• [Data extract]:
[Start of Attachment]

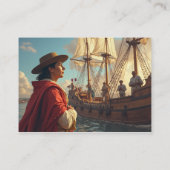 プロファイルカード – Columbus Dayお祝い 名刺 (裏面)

[End of Attachment]
[Start of Attachment]

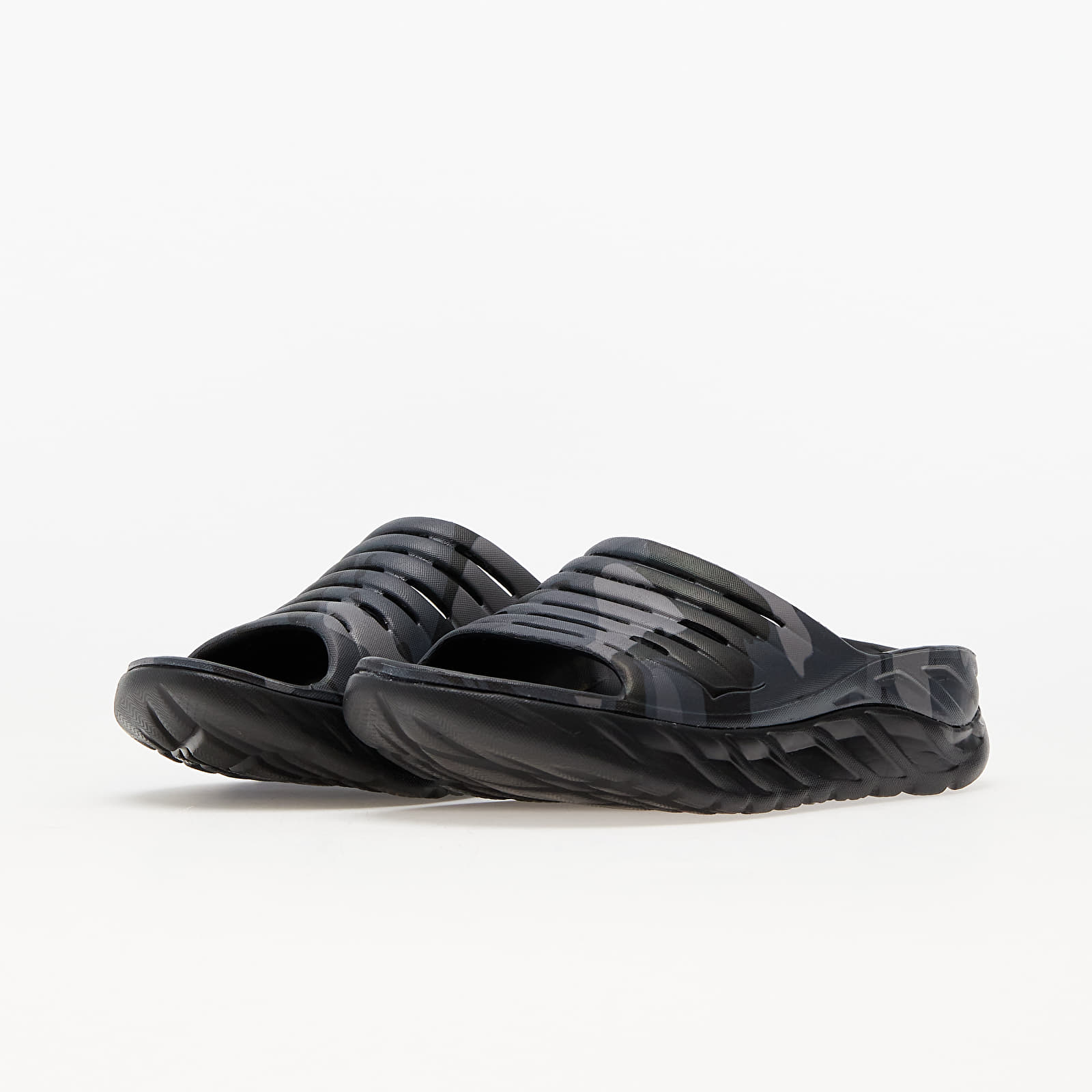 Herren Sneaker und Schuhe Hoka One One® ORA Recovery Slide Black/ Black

[End of Attachment]
[Start of Attachment]

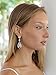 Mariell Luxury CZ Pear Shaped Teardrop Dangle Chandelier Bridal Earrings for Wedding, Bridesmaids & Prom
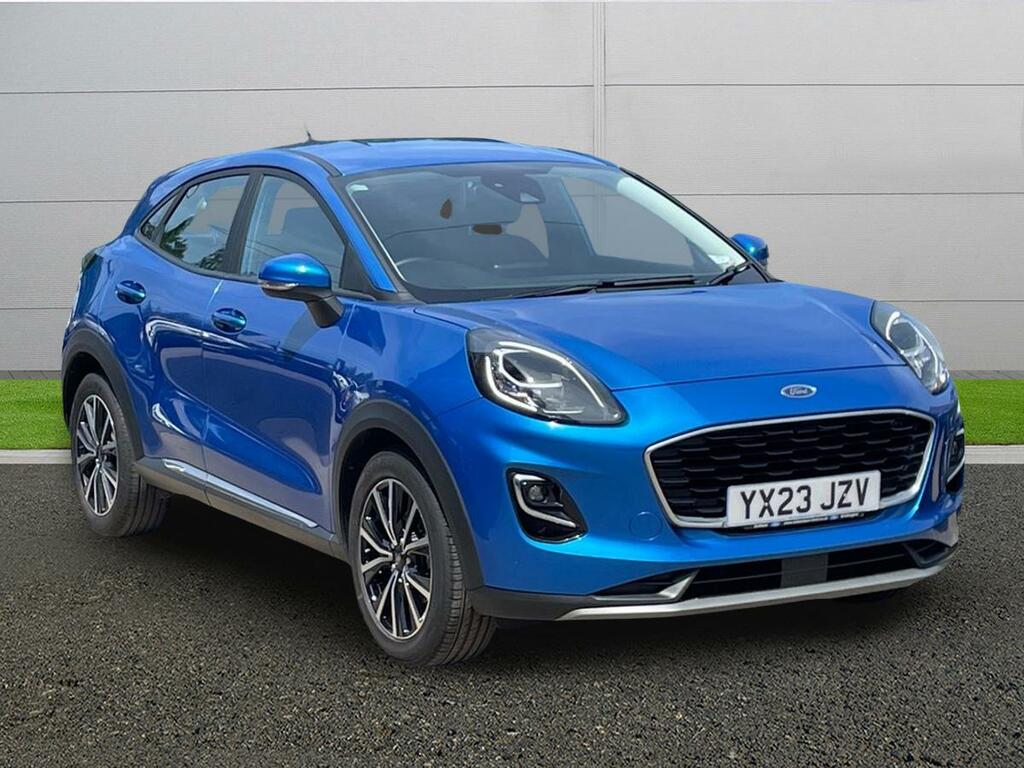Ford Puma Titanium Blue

[End of Attachment]

• [Instructions for the task]: After locating "Mariell Luxury CZ" and "Ford Puma Titanium Blue" in the records above, return exactly the line holding each one and every line between them; leave out the pictures.

• [Result for this exercise]:
 Mariell Luxury CZ Pear Shaped Teardrop Dangle Chandelier Bridal Earrings for Wedding, Bridesmaids & Prom
Ford Puma Titanium Blue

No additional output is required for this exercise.